The Court of Appeal has today handed down an important Judgment on CRB records. The Court of Appeal declared that the current operation of CRB checks is incompatible with the Human Rights Act.
As the system currently stands, all convictions and cautions are declared to some employers by the Criminal Records Bureau (CRB) regardless of the severity of the caution or conviction and relevance to the job.
The declaration made by the Court of Appeal today means that the government will have to look at changing the system in order to bring the legislation in line with Article 8 of the European Convention of Human Rights. The result will mean that people who currently are unable to get work due to previous cautions even for minor offences committed many years ago will be more likely to secure employment.
In 2 cases put forward by Howells Solicitors of Sheffield along with another case, it was argued that the current system, which requires automatic, blanket disclosure of all convictions and cautions to certain employers, is incompatible with Article 8 of the Human Rights Act – the right to family life.

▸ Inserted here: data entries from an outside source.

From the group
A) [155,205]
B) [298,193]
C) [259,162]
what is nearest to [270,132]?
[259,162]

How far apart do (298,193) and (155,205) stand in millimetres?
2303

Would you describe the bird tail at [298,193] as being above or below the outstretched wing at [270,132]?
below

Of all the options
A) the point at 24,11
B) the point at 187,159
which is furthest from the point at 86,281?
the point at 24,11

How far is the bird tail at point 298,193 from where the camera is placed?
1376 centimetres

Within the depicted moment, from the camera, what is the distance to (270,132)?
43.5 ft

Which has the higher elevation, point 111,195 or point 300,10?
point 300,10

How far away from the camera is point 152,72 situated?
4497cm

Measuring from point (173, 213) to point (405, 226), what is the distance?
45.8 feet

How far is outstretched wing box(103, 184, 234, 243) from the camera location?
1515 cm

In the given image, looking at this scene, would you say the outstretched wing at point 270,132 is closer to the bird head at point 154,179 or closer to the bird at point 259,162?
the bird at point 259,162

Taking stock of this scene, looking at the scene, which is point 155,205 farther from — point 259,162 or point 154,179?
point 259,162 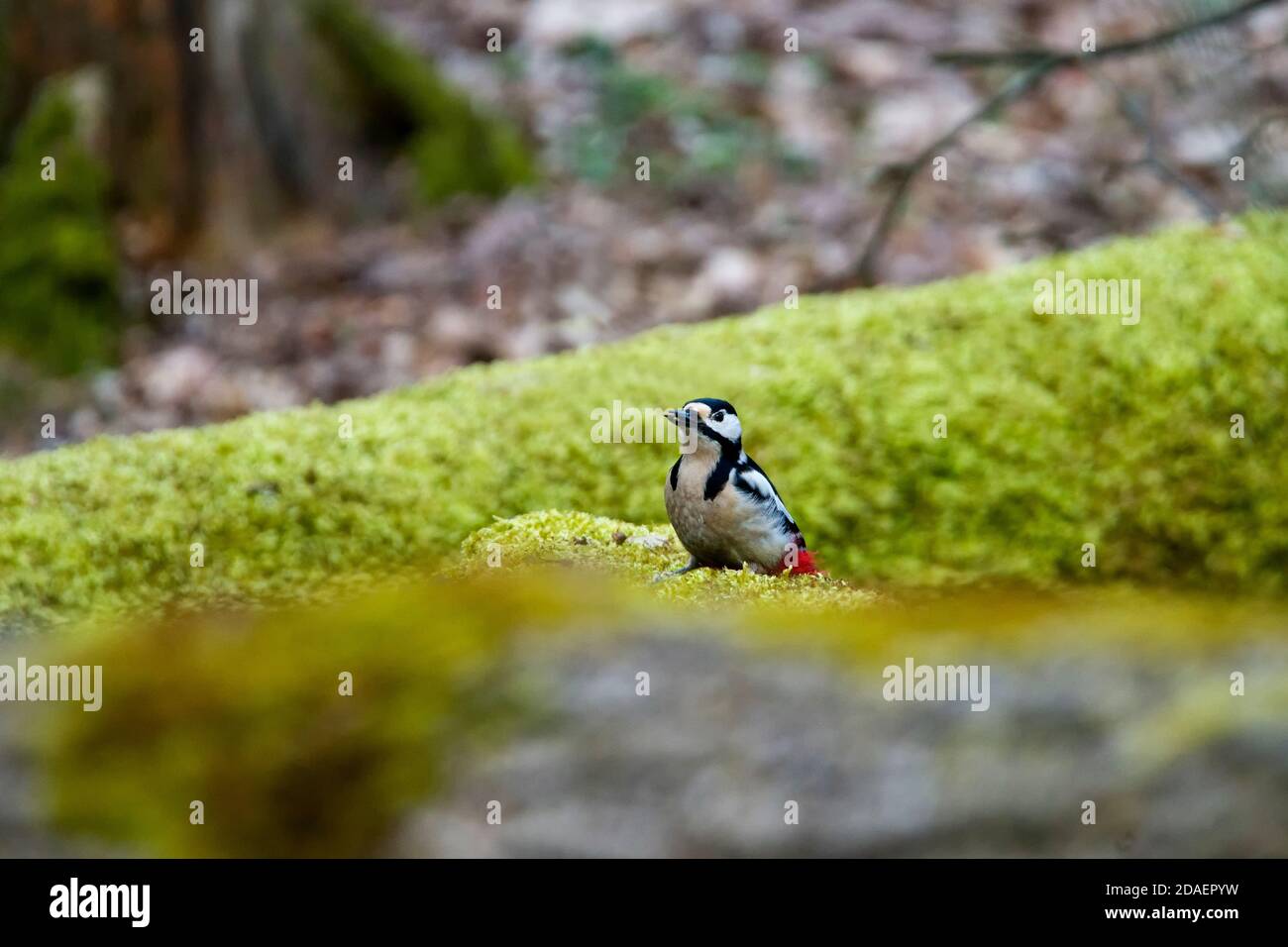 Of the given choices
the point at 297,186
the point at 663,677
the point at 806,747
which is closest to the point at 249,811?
the point at 663,677

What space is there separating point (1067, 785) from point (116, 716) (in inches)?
46.1

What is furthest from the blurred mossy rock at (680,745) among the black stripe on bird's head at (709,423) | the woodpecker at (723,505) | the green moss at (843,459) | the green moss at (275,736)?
the green moss at (843,459)

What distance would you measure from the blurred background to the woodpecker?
3374 millimetres

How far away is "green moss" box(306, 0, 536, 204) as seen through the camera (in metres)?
7.57

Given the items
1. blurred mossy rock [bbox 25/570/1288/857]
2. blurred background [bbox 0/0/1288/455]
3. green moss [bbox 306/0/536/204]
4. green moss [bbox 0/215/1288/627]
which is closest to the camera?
blurred mossy rock [bbox 25/570/1288/857]

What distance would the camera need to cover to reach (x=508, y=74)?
8750 mm

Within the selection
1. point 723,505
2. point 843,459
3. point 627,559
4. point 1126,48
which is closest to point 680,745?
point 723,505

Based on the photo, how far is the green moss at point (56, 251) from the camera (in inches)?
264

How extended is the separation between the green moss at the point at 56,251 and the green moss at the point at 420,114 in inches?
57.2

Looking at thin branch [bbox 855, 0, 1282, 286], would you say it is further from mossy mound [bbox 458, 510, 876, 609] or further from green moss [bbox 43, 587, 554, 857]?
green moss [bbox 43, 587, 554, 857]

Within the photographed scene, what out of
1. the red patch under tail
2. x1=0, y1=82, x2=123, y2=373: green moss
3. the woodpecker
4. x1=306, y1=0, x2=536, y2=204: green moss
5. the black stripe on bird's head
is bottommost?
the red patch under tail

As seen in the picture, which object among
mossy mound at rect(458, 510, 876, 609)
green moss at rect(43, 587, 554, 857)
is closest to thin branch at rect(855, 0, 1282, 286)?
mossy mound at rect(458, 510, 876, 609)

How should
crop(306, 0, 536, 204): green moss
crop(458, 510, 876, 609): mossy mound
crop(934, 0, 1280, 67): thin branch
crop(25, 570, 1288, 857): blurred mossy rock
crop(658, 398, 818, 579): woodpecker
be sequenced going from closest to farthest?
crop(25, 570, 1288, 857): blurred mossy rock
crop(458, 510, 876, 609): mossy mound
crop(658, 398, 818, 579): woodpecker
crop(934, 0, 1280, 67): thin branch
crop(306, 0, 536, 204): green moss
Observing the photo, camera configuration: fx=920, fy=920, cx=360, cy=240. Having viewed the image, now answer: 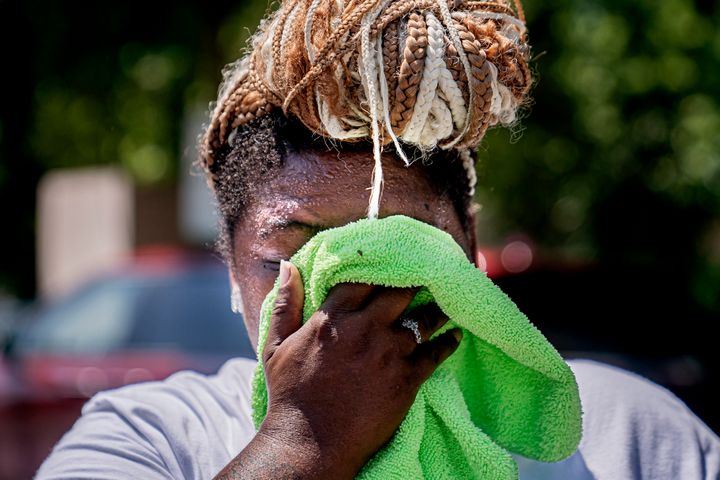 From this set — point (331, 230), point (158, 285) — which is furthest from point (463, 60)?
point (158, 285)

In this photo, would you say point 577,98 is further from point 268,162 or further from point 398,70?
point 398,70

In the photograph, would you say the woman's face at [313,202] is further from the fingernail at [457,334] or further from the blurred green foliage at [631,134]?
the blurred green foliage at [631,134]

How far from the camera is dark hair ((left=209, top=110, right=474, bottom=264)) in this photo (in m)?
1.70

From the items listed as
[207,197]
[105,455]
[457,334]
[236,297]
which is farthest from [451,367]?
[207,197]

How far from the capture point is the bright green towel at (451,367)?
4.73 ft

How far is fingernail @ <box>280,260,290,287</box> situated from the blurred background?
13.0 ft

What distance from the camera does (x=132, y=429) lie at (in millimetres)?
1681

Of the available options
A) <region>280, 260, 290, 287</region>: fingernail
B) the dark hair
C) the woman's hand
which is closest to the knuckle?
the woman's hand

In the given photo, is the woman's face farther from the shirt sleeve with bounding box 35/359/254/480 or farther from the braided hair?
the shirt sleeve with bounding box 35/359/254/480

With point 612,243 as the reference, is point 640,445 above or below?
above

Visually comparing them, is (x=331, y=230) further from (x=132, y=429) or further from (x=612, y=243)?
(x=612, y=243)

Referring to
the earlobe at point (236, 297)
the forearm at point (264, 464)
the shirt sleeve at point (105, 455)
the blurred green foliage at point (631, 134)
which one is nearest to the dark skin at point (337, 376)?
the forearm at point (264, 464)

Peter Mahy, a partner at Howells solicitors in Sheffield said: “The current system of CRB disclosure has brought misery people trying to put mistakes behind them and secure employment. Currently even minor matters which occurred a long time ago can prevent people getting a job. What good does that do? A more focused and proportion system is likely to achieve a much fairer result particularly for those who are currently unable to get work due to a previous caution for a minor offences committed many years ago.”